Assesses the efficiency of a two-colour microarray design (D.B. Baird).

Options

PRINT = string tokens What to print (design, sed, secontrasts, vcovariance, summary); default desi, sed, seco, vcov, summ
DYEBIASMETHOD = string token Whether to estimate dye bias effects (estimate, omit); default esti
SPREADSHEET = string tokens What results to put in spreadsheets (sed, secontrasts, vcovariance); default sed, seco

Parameters

RED = factors Targets on red dye
GREEN = factors Targets on green dye
XCONTRASTS = matrices Contrasts to estimate
SED = symmetric matrices Saves standard errors of differences
VCOVARIANCE = symmetric matrices Saves variance and covariances of treatments
SECONTRASTS = symmetric matrices Saves standard errors of contrasts specified in XCONTRASTS

Description

MADESIGN assesses the efficency of a two-colour microarray design. The RED and GREEN parameters must supply factors defining which treatments are to be allocated to the red and green dyes of each slide, and the XCONTRASTS parameter can supply a matrix defining the contrasts of interest. The DYEBIASMETHOD option indicates whether dyebias is also to be estimated; by default DYEBIASMETHOD=esti.

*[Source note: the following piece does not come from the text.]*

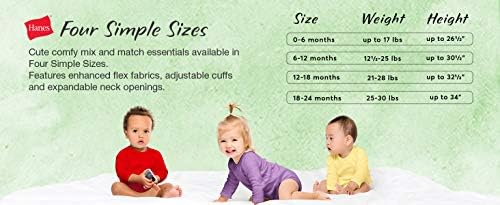 Ханес Крајната Бебе Девојки Флексибилен Сет - 2 Кратки Ракави Фустани со 2 Хеланки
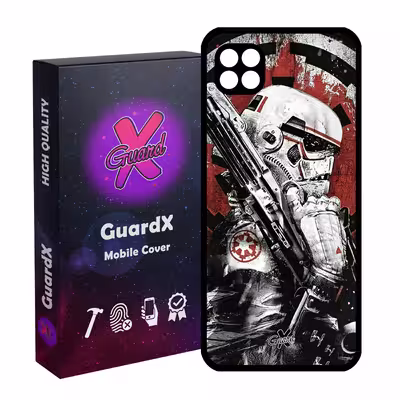 کاور گارد ایکس طرح جنگ ستارگان مدل Glass10494 مناسب برای گوشی موبایل سامسونگ Galaxy A22 5G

The SED parameter can supply a symmetric matrix to save the standard errors of differences between treatment means that would arise from the design, assuming a residual mean square of one. The VCOVARIANCE parameter can save a symmetric matrix with variances and covariances of the treatment means, and the SECONTRASTS can save a variate eith the standard errors of the contrasts. The PRINT option controls which of these are printed, and the SPREADSHEET option allows you to put them into Genstat spreadsheets.

Options: PRINT, DYEBIASMETHOD, SPREADSHEET.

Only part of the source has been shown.